For one thing, as you indicate, by any reading of the 10th amendment where the states retain a right to rend the Union, the people retain a right to maintain it.

That is what they have done.

Secondly, the supremacy clause is a bar to unilateral state secession.

If a state could unilaterally withdraw from the Union, then supremacy would rest with each state, respectively - not with the Constitution and the laws made pursuant to it. As the Constitution expressly declares the Constitution to be the Supreme Law of the land, any act that denies this supremacy (e.g., unilateral withdrawal) must be unconstitutional.

n fact, the much invoked 10th amendment is a sure guarantor of the pemanence of the Union. This is because the people retain the right to maintain the Union in perpetuity. The states may not leave the Union because that thwarts the will of the sovereigns of the United States--the people of the United States.

A fair reading of the Constitution will not provide any basis for legal secession under our system.

Consider the words of the Constitution:

Article One, Section Eight, "Powers of Congress". Congress is charged in Para. 1 to provide for the common defense and general welfare, and in Para. 18 given all powers necessary to carrying the foregoing powers into execution. Having 11 states duck out definitely compromises the general welfare of the United States, you'll have to agree.

Don't buy that? Jefferson Davis did. This is exactly the rational he used to impose conscription on the states of the CSA. The national government has the power to coerce the states. Jiminy Cricket, Davis might well have been reading straight from Cohens v. Virginia.

The Constitution also promises that each state shall be guaranteed a republican form of government. Sort of hard to do if a state withdraws, isn't it?

The Constitution also promises in Article Four Section One, Para. 1 that "the Citizens of each state shall be entitled to all privileges and immunities of citizens in the several states." Sort of hard to do if a state may withdraw, isn't it?

No one is suggesting that the states may not break away in the face of intolerable abuse of the powers transferred to the federal government.
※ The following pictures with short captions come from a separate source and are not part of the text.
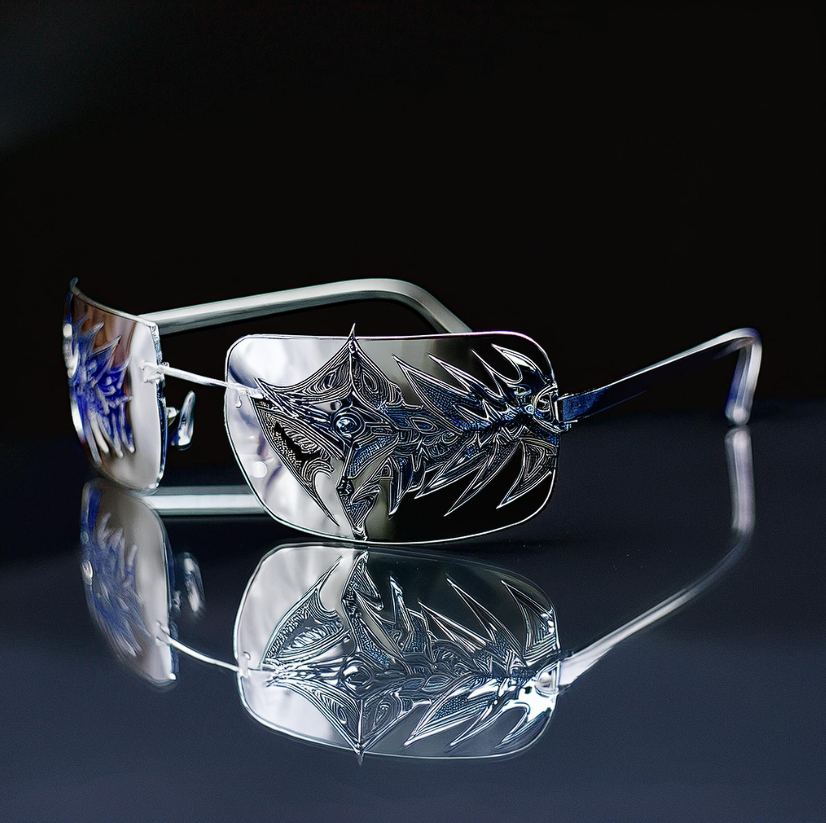 Rectangle Rimless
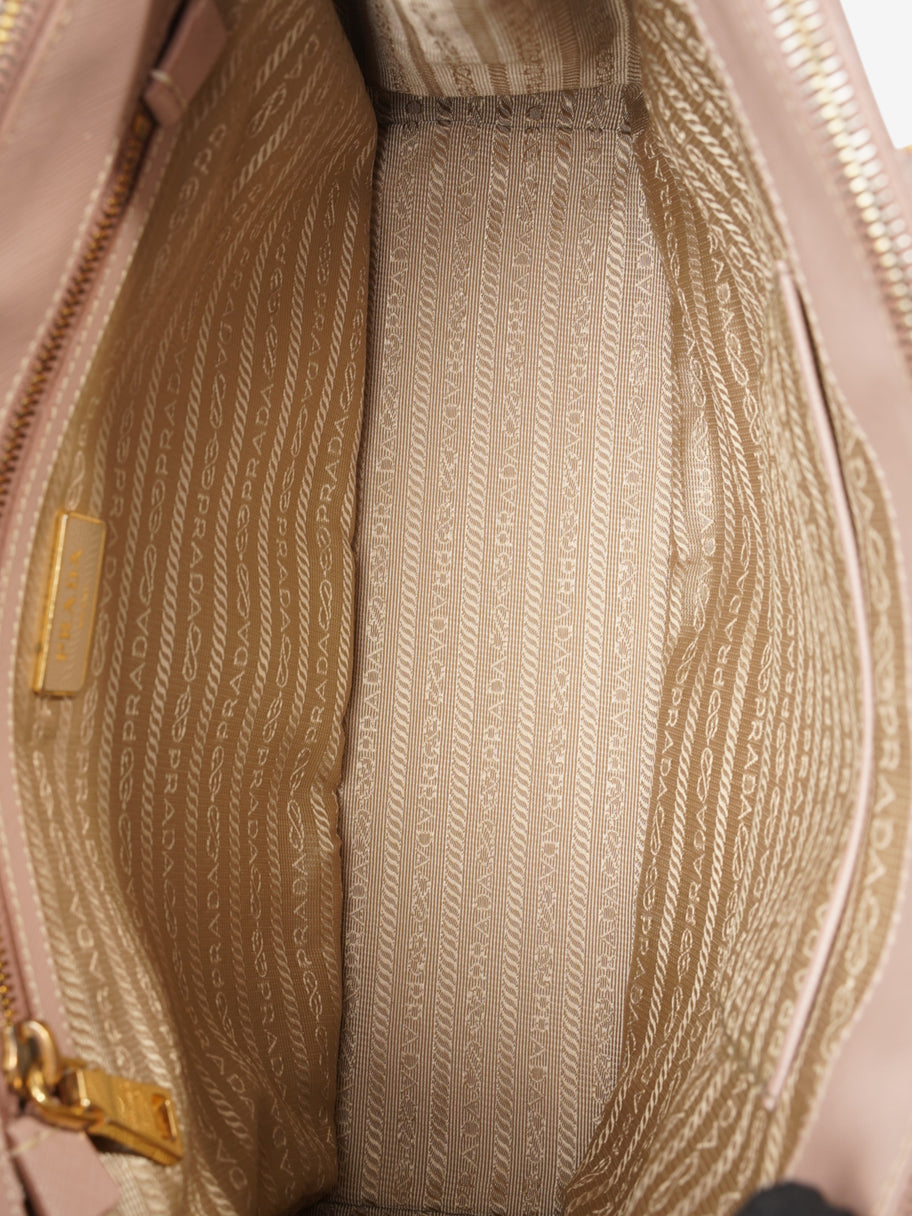 Prada Galleria Pink Saffiano Leather Image 8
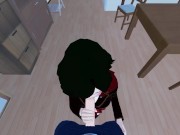 Ruby Rose lets you fuck her POV, doggystyle creampie 3/16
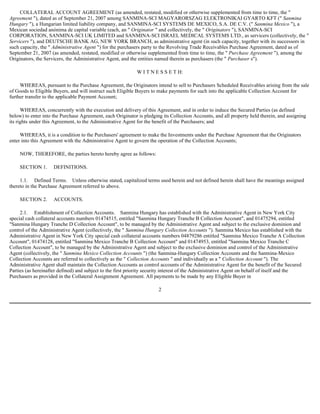  Sanmina-SCI's 2007 10-K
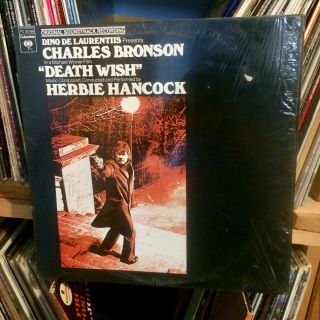 Herbie Hancock " Death Wish " Rare Jazz Funk Soundtrack In Top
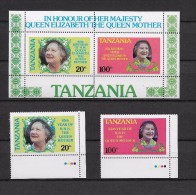 HB MUNDIAL   ///    TANZANIA  REINA ISABEL II   MNH** - Tanzania (1964-...)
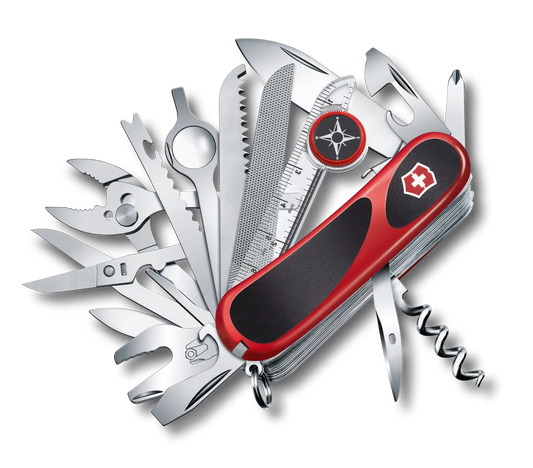 VICTORINOX SWISS ARMY KNIFE EVOLUTION S54 GRIP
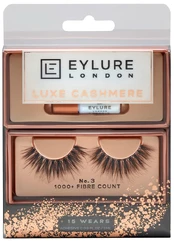 Priklijuojamos blakstienos Eylure Luxe Cashmere No.3 kaina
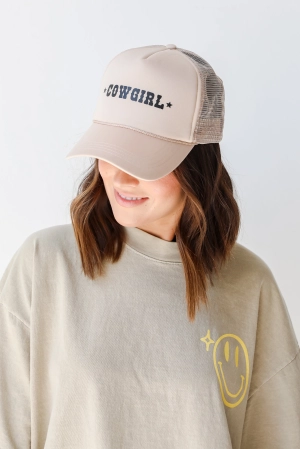 Cowgirl Trucker Hat
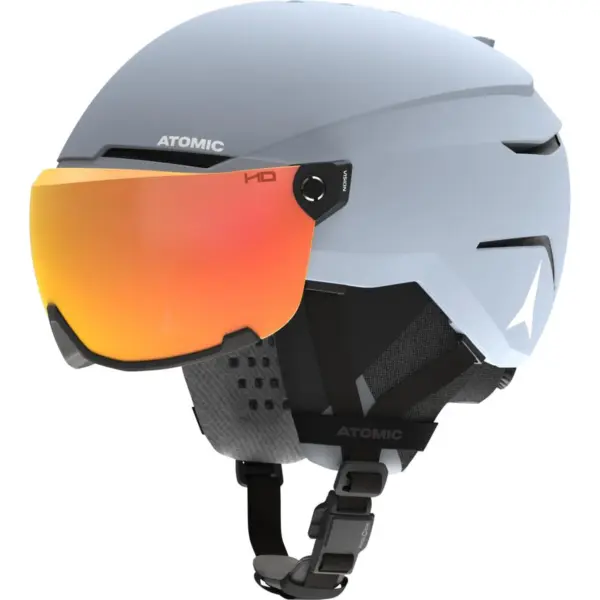 Herren Helm SAVOR AMID VISOR HD Grey - Bild 3 ATOMIC - Helm SAVOR AMID VISOR HD Grey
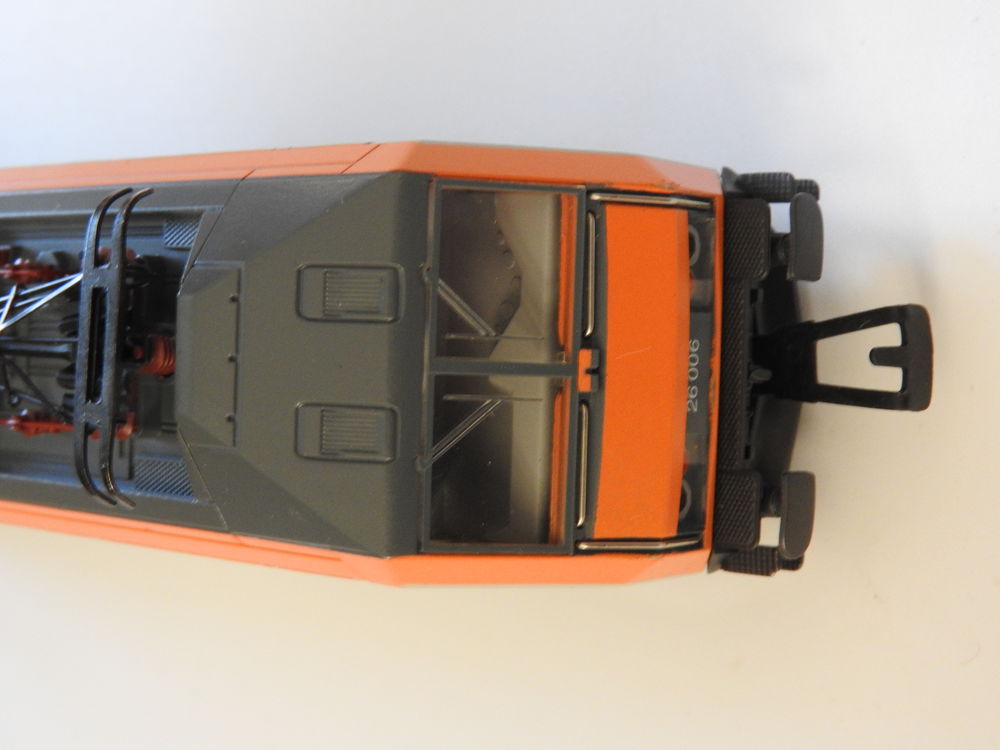 Echelle HO - M&auml;rklin Loco BB 26006 Sybic Mulhouse ref 3334 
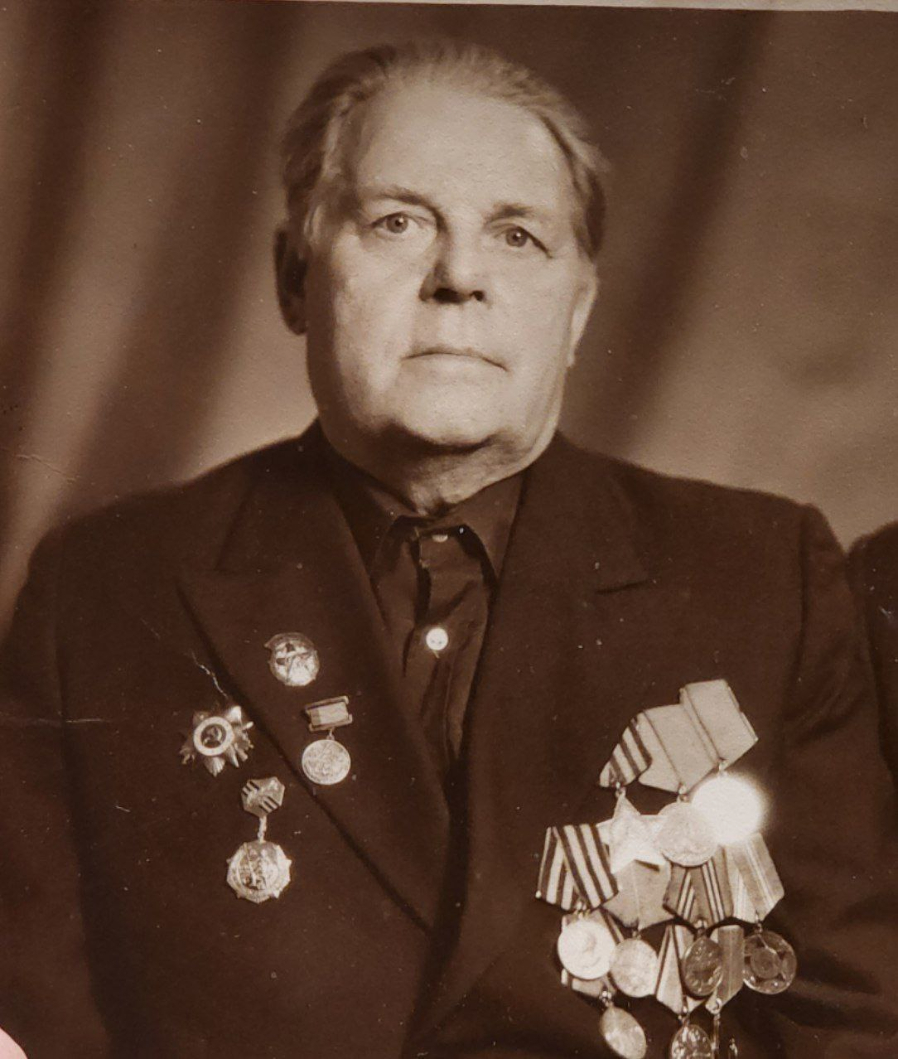 Тихонов Павел Иванович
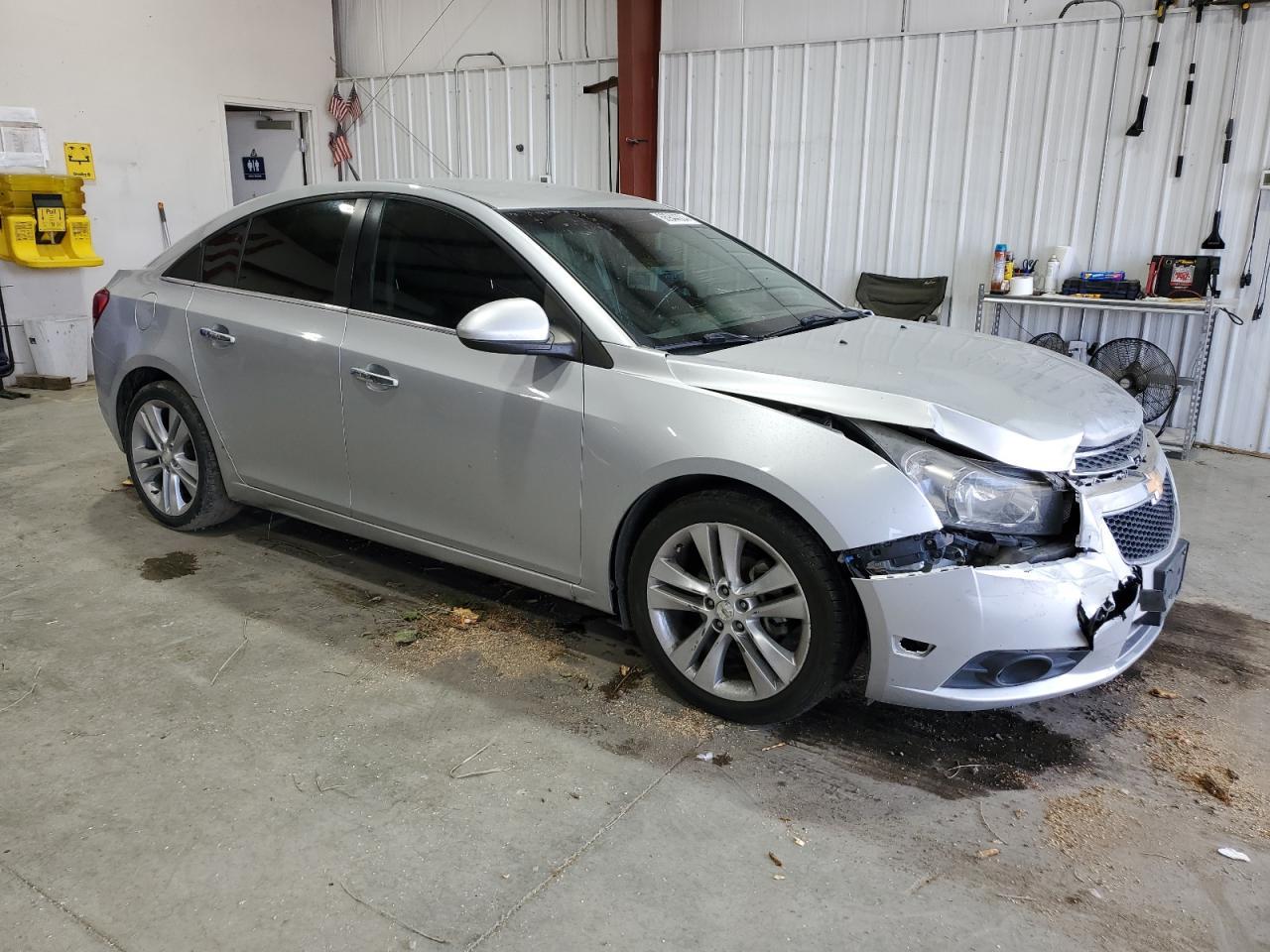 2014 Chevrolet Cruze Ltz - Фото 7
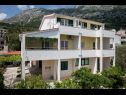 Apartments Ruzica - with sea view: A1 - plavi(3+2), A2 - (2+2), A3 - zuti(3+2) Igrane - Riviera Makarska  - house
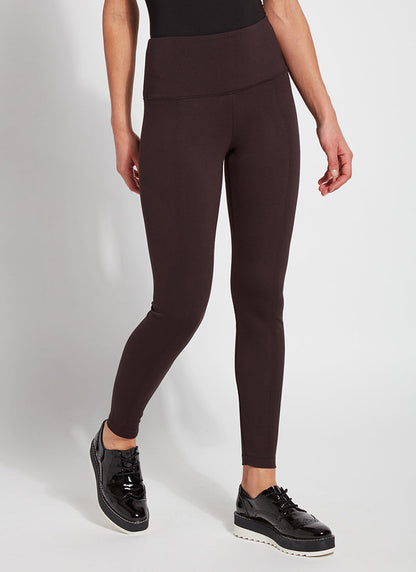 Lysse Signature Center Seam Legging  Double Espresso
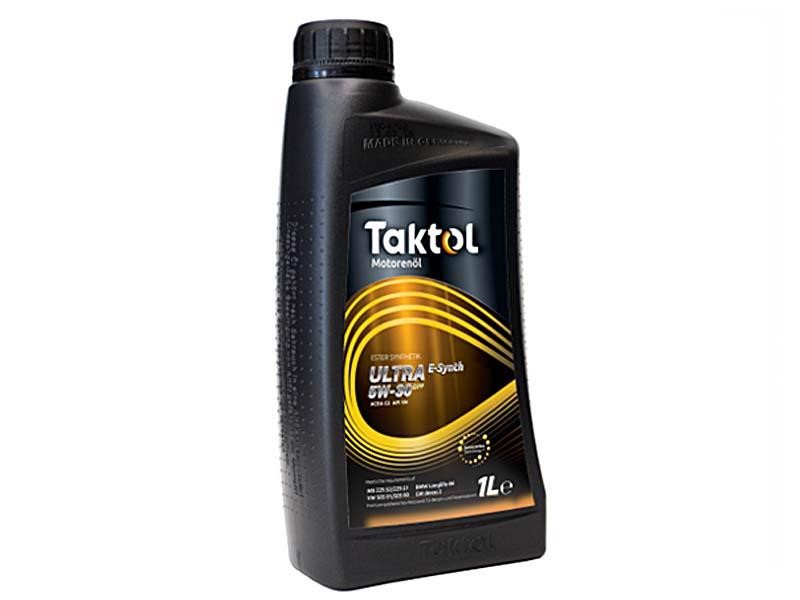 Taktol U0530001 Engine oil Taktol Ultra E-Synth 5W-30, 1L U0530001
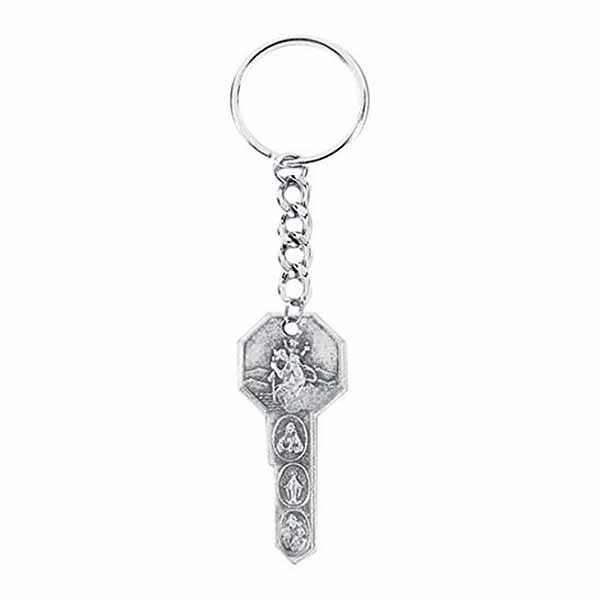 Keychain - Key Of Saints Key Chain 12-1416 Keychain Key Of Saints 12-1416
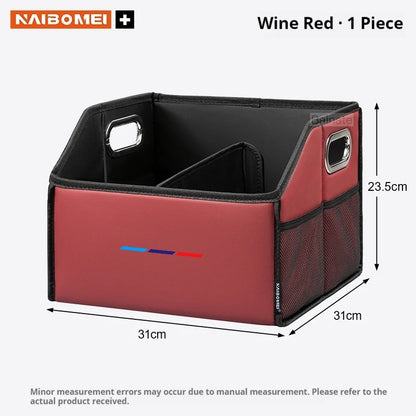 Car Trunk Storage Box Multifunctional Toolbox Trunk Organizer, For BMW M Performance G30 G32 G01 G02 G05 G06 G07 G26 G23 F40 F20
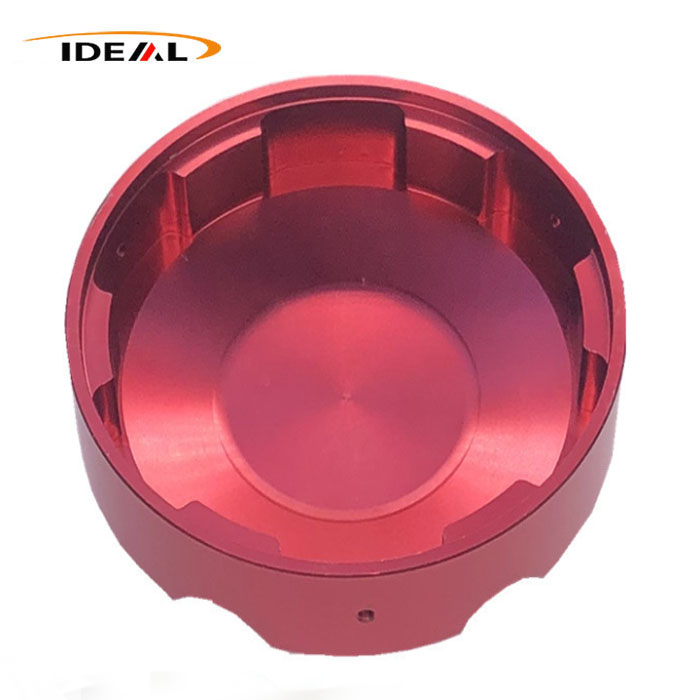 Các bộ phận nhôm anodizing được gia công bằng máy phay tiện CNC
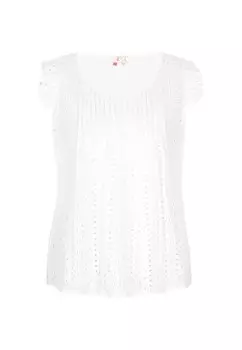 Топ IZIA Boho, белый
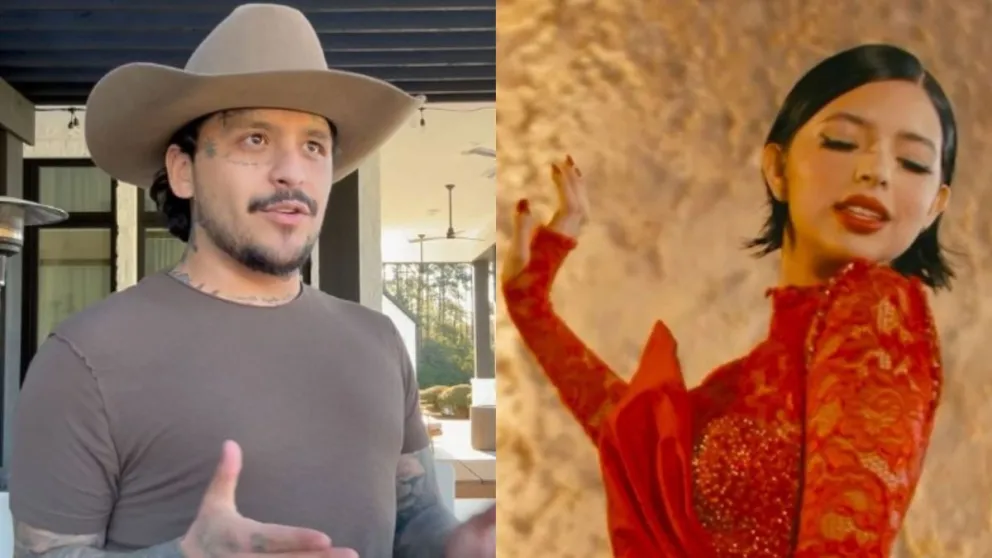 Ángela Aguilar y Christian Nodal desatan críticas por su actitud en medio del duelo familiar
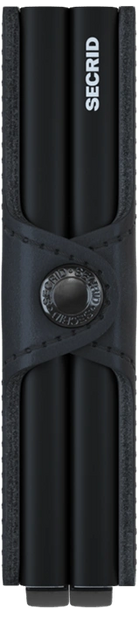Secrid Vintage Black Twinwallet-Side view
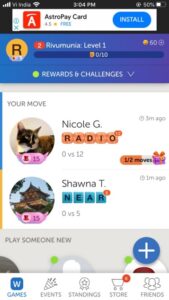 words with android online free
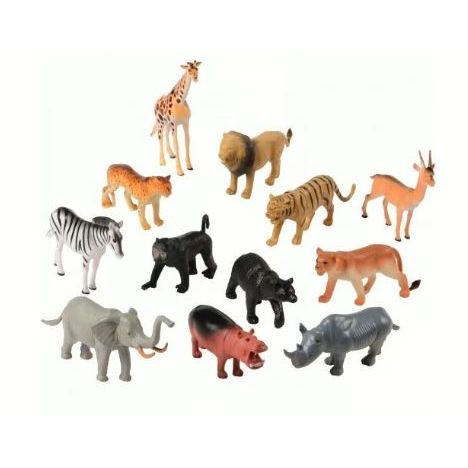 Large Wild Animals 4.5"-7.5" 12/pk (out of stock)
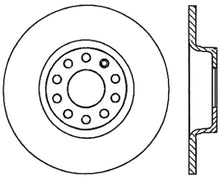 Load image into Gallery viewer, StopTech 06-10 Audi A3 / 09 VW CC (Passat CC)/06-09 GTI Mk V Cryo-Stop Right Rear Slotted Rotor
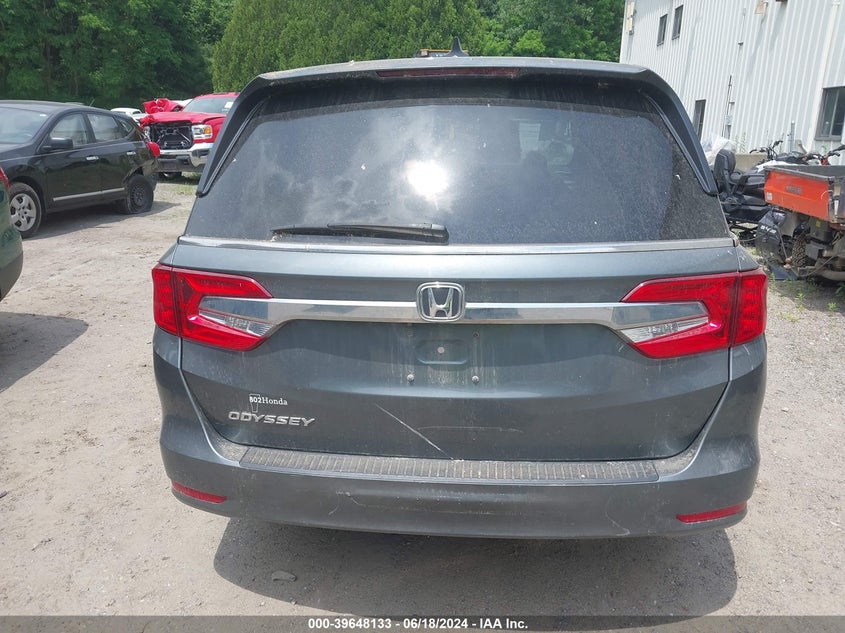 2019 Honda Odyssey Ex VIN: 5FNRL6H50KB089154 Lot: 39648133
But I challenge anyone to find that intolerable abuse in the record prior to 1860.

Let's consider the words of James Madison:

"The doctrine laid down by the law of Nations in the case of treaties is that a breach of any one article by any of the parties, frees the other parties from their engagements. In the case of a union of people under one Constitution, the nature of the pact had always been understood to exclude such an interpretation." (Remarks to the Constitutional Convention, July 23, 1787).

In 1830 James Madison wrote:

"What was to be done in the event of controversies, which could not fail to occur, concerning the partition line between the powers belonging to the Federal and to the State governments? That some provision ought to be made, was as obvious, and as essential as the task itself was difficult and delicate...The provision immediately and ordinarily relied on is manifestly the Supreme Court of the United States, clothed as it is with a jurisdiction "in controversies to which the United States shall be a party," the court itself being so constituted as to render it independent and impartial in its decisions;"

James Madison The forging of American Federalism

Edited by Saul Padover

Harper Torchbooks, 1953 Page 196

In fact, Virginia and Virginians were early exponents of a strong Union.

"The [constitutional] convention was slow to tackle the problem of an army, defense, and internal police. The Virginia Plan said nothing about a standing army, but it did say that the national government could 'call forth the force of the union against any member of the Union failing to fulfill its duty under the articles thereof.'

--"Decision in Philadelphia" by Collier and Collier.

Let's quote Lincoln:

"And this issue embraces more than the fact of these United States. It presents to the whole family of man, the question, whether a constitutional republic, or a democracy--a government of the people, by the same people--can or cannot, maintain its territorial integtrity against its own domestic foes. It presents the question, whether discontented individuals, too few in numbers to control administration, accrding to organic law, in any case, can always, upon the pretenses made in this case, or on any other pretenses, or arbitrarily, without any pretense, break up their government, and thus practically put an end to free government upon the earth. It forces us to ask: "Is there in all republics, this inherent, and fatal weakness?"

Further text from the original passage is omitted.